Intanto il risultato è quello di un notevole consolidamento del controllo esercitato dal governo conservatore di Orban sulla totatlià dei mezzi di informazione del paese. Una legge simile in un Paese dell'Unione europea non si era mai vista. Soprattutto per quanto riguarda soppressione delle redazioni di news alla tv e alla radio.
L'approvazione della "legge bavaglio" non è un aspetto isolato, ma fa parte di un più ampio progetto politico. E' l'ultima mossa di un disegno preciso della maggioranza conservatrice. A luglio, dopo aver ottenuto in aprile una maggioranza di due terzi alle elezioni (senza precedenti dopo la caduta del regime comunista in Ungheria) che consente di modificare la Costituzione e la struttura dello Stato, il primo ministro Orban ha subito istituito un'Autorità nazionale delle telecomunicazioni con a capo la garante Annamaria Szalai, vicina al premier, e composta da cinque membri, tutti nominati dal partito di governo. In pratica, si punta al controllo completo di tutti i flussi d’informazione.
Circa 1.500 persone, la sera di lunedì 20, hanno dato vita ad una fiaccolata davanti il Parlamento a Budapest. A partecipare, soprattutto giovani universitari. I manifestanti hanno reclamato la libertà di stampa, minacciata a loro avviso dalla nuova legge che prevede interferenze sul contenuto per tutti segmenti dei media: televisione, radio, stampa e internet. Il timore dei dimostranti e di molti osservatori e che, per evitare sanzioni e multe salate che potrebbero significare la fine soprattutto dei giornali più piccoli e indipendenti, le testate si autoregoleranno, praticando l'autocensura.
Orban si è giustificato con il fatto che la tv pubblica, per esempio, era senza presidente da anni perché l'Autorità, nella quale c'erano tutti i partiti, non riusciva ad accordarsi su un nome.
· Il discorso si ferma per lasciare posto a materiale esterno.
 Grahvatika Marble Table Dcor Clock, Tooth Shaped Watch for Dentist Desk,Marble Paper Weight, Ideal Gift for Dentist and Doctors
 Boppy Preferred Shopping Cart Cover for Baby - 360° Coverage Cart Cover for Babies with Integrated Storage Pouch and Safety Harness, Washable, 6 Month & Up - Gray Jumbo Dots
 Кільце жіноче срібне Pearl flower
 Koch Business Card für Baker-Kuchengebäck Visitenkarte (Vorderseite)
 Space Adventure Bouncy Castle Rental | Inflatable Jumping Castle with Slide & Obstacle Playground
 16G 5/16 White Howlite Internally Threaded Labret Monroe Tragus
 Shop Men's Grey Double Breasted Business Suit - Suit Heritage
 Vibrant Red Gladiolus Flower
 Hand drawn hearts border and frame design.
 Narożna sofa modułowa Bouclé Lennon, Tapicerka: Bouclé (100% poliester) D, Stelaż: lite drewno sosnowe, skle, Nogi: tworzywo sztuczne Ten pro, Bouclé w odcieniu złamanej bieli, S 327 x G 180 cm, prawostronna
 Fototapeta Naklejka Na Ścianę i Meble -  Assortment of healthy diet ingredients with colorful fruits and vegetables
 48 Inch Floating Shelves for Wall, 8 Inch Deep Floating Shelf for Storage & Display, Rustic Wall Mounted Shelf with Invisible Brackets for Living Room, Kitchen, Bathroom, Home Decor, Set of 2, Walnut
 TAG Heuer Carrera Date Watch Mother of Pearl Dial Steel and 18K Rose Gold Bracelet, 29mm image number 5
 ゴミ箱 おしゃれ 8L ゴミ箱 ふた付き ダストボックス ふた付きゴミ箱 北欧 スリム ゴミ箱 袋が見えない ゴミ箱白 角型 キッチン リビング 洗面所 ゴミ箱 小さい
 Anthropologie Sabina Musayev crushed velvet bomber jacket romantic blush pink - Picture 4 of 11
Giornali e radio liberali e di sinistra stanno denunciando da mesi che si tratta di una campagna del governo per imbavagliare il dissenso. Campagna che ora sta arrivando alla sua vittoria finale: la possibilità di multare fino a 90.000 euro i quotidiani, fino a 48.000 i siti internet d'informazione, e fino a 240.000 euro per Tv e radio.